The pieces are boring on purpose:

• Metrics answer what is happening right now.
• Logs answer what just happened and why.
• Dashboards turn the private data sources into fast operator decisions.
• Alerts decide what deserves a page, an email, or silence.

PUBLIC VIEW
metrics       sampled     source labels hidden
logs          retained    query map hidden
dashboards    gated       SSO required
alerts        active      routing hidden

Metrics: cardinality is the budget

The first thing you learn running metrics at home is that every label is a row in a table you cannot casually erase. A request counter with unbounded identity labels looks innocent until the index becomes the outage.

The rule I keep: label keys are bounded sets. Anything that can grow without limit gets dropped before it becomes history. Cardinality discipline is the difference between a telemetry system that holds useful history and one that crashes itself at noon every Tuesday.

Logs: cheap to write, expensive to keep

The log layer indexes labels, not every byte of content. That trade keeps the system fast when the operator already knows the class of problem being investigated.

Retention is the cost center. The useful public claim is that history exists long enough to answer “what happened during the outage last weekend” without publishing storage volumes, retention buckets, or raw log structure.

Alerts: the page that doesn’t come

The hardest part of alerting at home is calibrating the noise floor. Too sensitive, and the phone vibrates every time a pod restarts during a normal rollout. Too lax, and you find out about a dead disk three days after the fact, by which point the replicas have all rebuilt onto the wrong nodes.

The rules I land on, after a year of tuning:

• Critical — page me anywhere. Node down for >5 minutes, persistent volume read-only, certificate expiring in <48 hours, mail queue backed up >1000 messages.
• Warning — send email. CPU sustained over 80% for 30 minutes, memory pressure on any node, ingress 5xx rate over 1%.
• Info — log only. Pod restarts within thresholds, scheduled-job duration drift, slow query log threshold.

A real test of an alerting setup: how many pages did you get this week, and how many of them actually mattered? In a healthy setup the ratio is one-to-one. In an unhealthy one it’s ten-to-one and you stop reading them.

Dashboards: pictures that load fast

Most dashboard setups die from sprawl. You build one for every service and every panicked midnight investigation, then the home screen becomes unusable.
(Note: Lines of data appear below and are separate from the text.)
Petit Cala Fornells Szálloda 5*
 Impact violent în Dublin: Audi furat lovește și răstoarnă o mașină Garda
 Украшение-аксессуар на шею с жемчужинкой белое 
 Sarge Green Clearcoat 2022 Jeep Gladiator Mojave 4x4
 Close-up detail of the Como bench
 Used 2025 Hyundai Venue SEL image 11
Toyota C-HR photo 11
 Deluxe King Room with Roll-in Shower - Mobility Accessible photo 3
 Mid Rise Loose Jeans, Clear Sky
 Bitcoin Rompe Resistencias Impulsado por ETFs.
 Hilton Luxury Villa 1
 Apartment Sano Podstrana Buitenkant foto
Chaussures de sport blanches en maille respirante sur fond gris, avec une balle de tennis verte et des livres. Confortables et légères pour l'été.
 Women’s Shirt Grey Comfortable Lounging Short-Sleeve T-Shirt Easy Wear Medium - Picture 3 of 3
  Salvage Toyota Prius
The fix is brutal: prune. The operator home view should answer health, flow, activity, and capacity first; everything else lives deeper.

The other discipline is keeping queries fast. A panel that takes six seconds to render is a panel nobody reads. Use recording rules to pre-aggregate the expensive stuff, and refuse to put a histogram quantile on the main view without one.

Takeaways

The point of observability isn’t a wall of dashboards. It’s being able to answer two questions in under a minute: is anything broken right now, and was anything broken when this user said it was. If your stack can’t answer those, it’s decoration.

The cost — in disk, RAM, and operator attention — is real, but small. The value is knowing, immediately, when a service is lying to you without turning the public site into an operator map.